Solving equations and inequalities: Quadratic inequalities
Solving quadratic inequalities via the quadratic formula and inspection
- first solving the corresponding quadratic equation;
- then figuring out in which area(s) the inequality is true;
- finally, combining the intermediate results.
\(x<-1 \lor x > 6\)
We have the inequality \[x^2-6 > 5 x\] but first we solve the following equation: \(x^2-6 = 5 x \), that is \( x^2-5 x-6 =0\). We do this via the quadratic formula: \[\begin{aligned} x&=\frac{5\pm \sqrt{(5)^2-4 \cdot 1 \cdot -6}}{2}\\ \\ &=\frac{5\pm \sqrt{49}}{2}\\ \\ &=\frac{5\pm 7}{2}\end{aligned}\] So \[x=-1\quad \text{or}\quad x=6\] Now we explore where the inequality is true.
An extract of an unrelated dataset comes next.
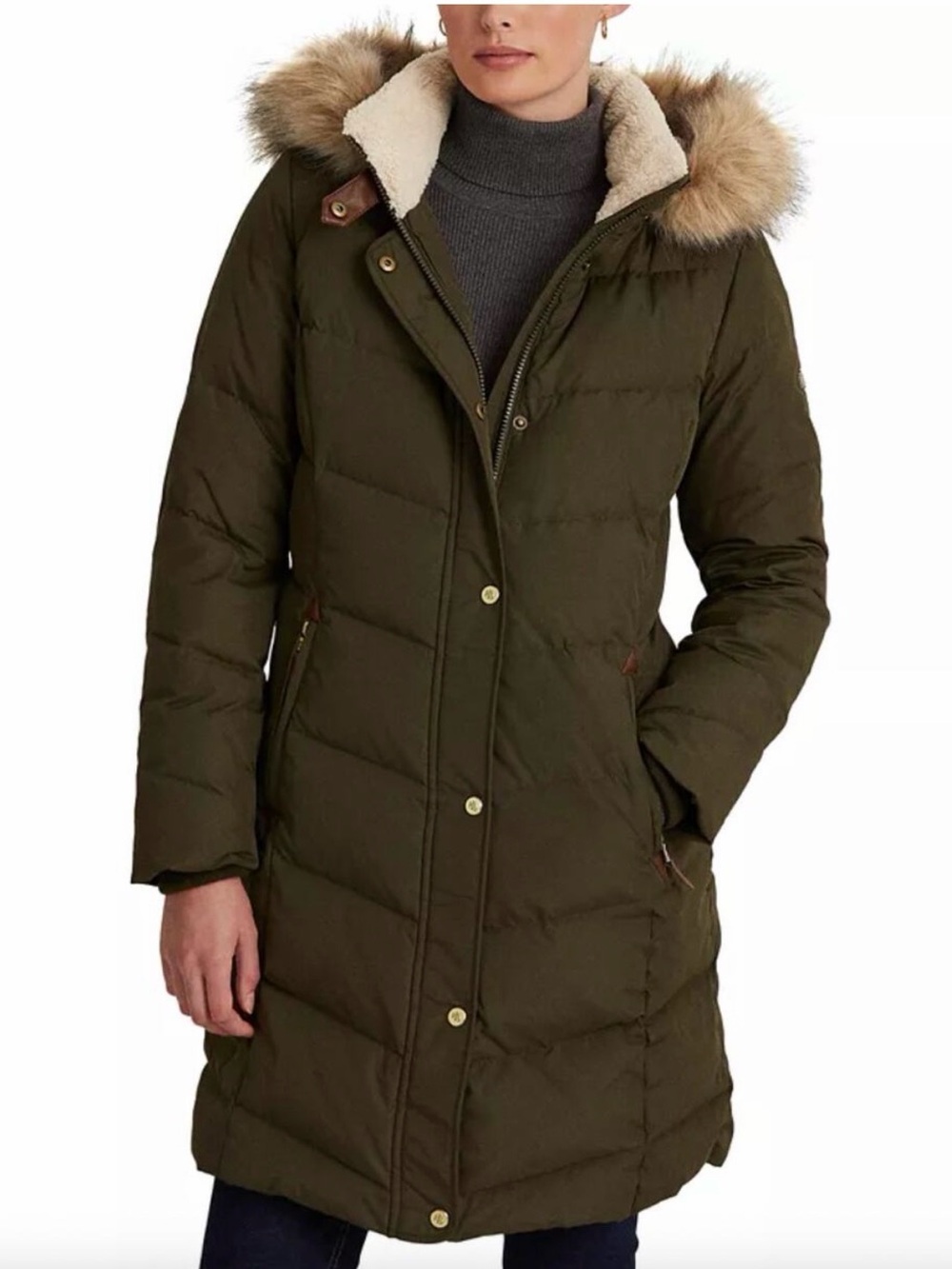 Lauren Ralph Lauren Olive Green Down Puffer Coat Faux Fur Hood Size S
First we take a value \(x<-1\), say \(x=-3\). The value of the left-hand side of the inequality is then \[(-3)^2-6=3\] The value of the right-hand side is \[5 \cdot -3=-15\] So we have found for \(x<-1\) that \(x^2-6 > 5 x\).
Next we choose a value \(-1<x<6\), say \(x=0\). The value of the left-hand side of the inequality is then \[(0)^2-6=-6\] The value of the right-handside is \[5\cdot 0=0\] So we have found for \(-1<x<6\) that \(x^2-6 < 5 x\).
Finally we choose a value \(x>6\), say \(x=7\). The value of the left-hand side of the inequality is then \[(7)^2-6=43\] The value of the right-hand side is \[5 \cdot 7=35\] So we have found for \(x>6\) that \(x^2-6>5 x\).
So we can conclude that \[x^2-6 > 5 x\] when \(x<-1\) or \(x>6\).